In 2013, I harvested yeast from an Ommegang, and I've used it to brew a few batches. I save the yeast and store it in a jar, refrigerated. It separates really nicely.

This summer, I didn't get a chance to brew with it, so I decided to refresh it just to keep it alive. I made an 800 ml starter and added 70 ml of yeast (that's double the amount in a White Labs vial). I put it on the stir plate on Tuesday. No activity for about 60 hours. Today it finally is foaming.

I am guessing that there was a very small amount of viable yeast, which has now reproduced enough to start fermenting. Whew!

I'll let this run till it stops foaming, then cold crash and decant it, and then do one more step to grow more yeast. I'll make a gallon batch of something strong to drink in February, and I'll have a lot of yeast for summer brewing.
 
2013? Impressive. You haven't noticed any drift since then?

I've rinsed yeast using the method from an early Chop&Brew episode and it seems to have worked pretty well. I got a few packs of Wyeast 3822PC this summer and brewed a low gravity "dubbel" just to see what it could do and I rinsed the yeast from it. About a week ago I made a starter and added one of the jars of rinsed yeast to it and about 36 hours later it took off. A couple nights ago I added about 500ml of that starter and one of my remaining smack packs to 3 gallons of a big (1.105) belgian ale and it took off really quickly.

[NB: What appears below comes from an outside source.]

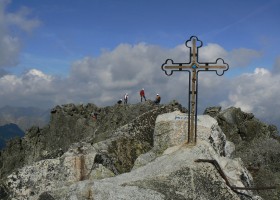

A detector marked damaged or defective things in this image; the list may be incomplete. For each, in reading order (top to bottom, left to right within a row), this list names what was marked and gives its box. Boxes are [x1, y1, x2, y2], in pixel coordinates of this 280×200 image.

rusty metal surface [161, 36, 229, 145]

I once bottled some of a mild into a growler and added some carbination tabs, and after a month or so I noticed a significant amount of yeast sediment when I was ready to open it, so I poured off most of it into a couple glasses and added new starter wort to it and successfully reused it.
 
I have not noticed any drift, but bear in mind that even though it's from 2013, it is only a few batches/generations, because I don't always use it. So in 3 years, it might be 4-5 generations (I forget offhand). I don't know if I am that sharp at tasting differences anyway. And when you ferment hot (mid- to upper-70s) you get one thing, and if you go cooler (mid 60s) you get something different.

After the first step, I decanted and added more wort to the yeast at the bottom. It took off in a couple of hours.

This year, it is a winter patersbier with D-90 candi syrup.

1.25 lb Pilsen DME
5 oz D-90
2 oz Special B

.25 oz Willamette @ 45 minutes
.25 oz US Saaz @ 20 minutes

Spices:
1 oz fresh orange zest
.5 oz coriander seed
.5 oz cardamom pods

I steeped the Special B, then added some extract at the beginning of the boil. Added hops per above.

Whirfloc at 5 minutes.

Crushed spices and put that + orange zest in a mesh bag. Added at flameout, chilled, took spice bag out.

I pitched about 600 ml of decanted starter slurry. There was a lot of non-floccing yeast in the starter, and I wanted to get that out and keep the better flocculating yeast. I got bubbles in the airlock within about 5 hours.

It's sitting in the fermentation chamber at 66 degrees, and after 3 days, I'll step it up to 70 and let it run for 3-4 weeks.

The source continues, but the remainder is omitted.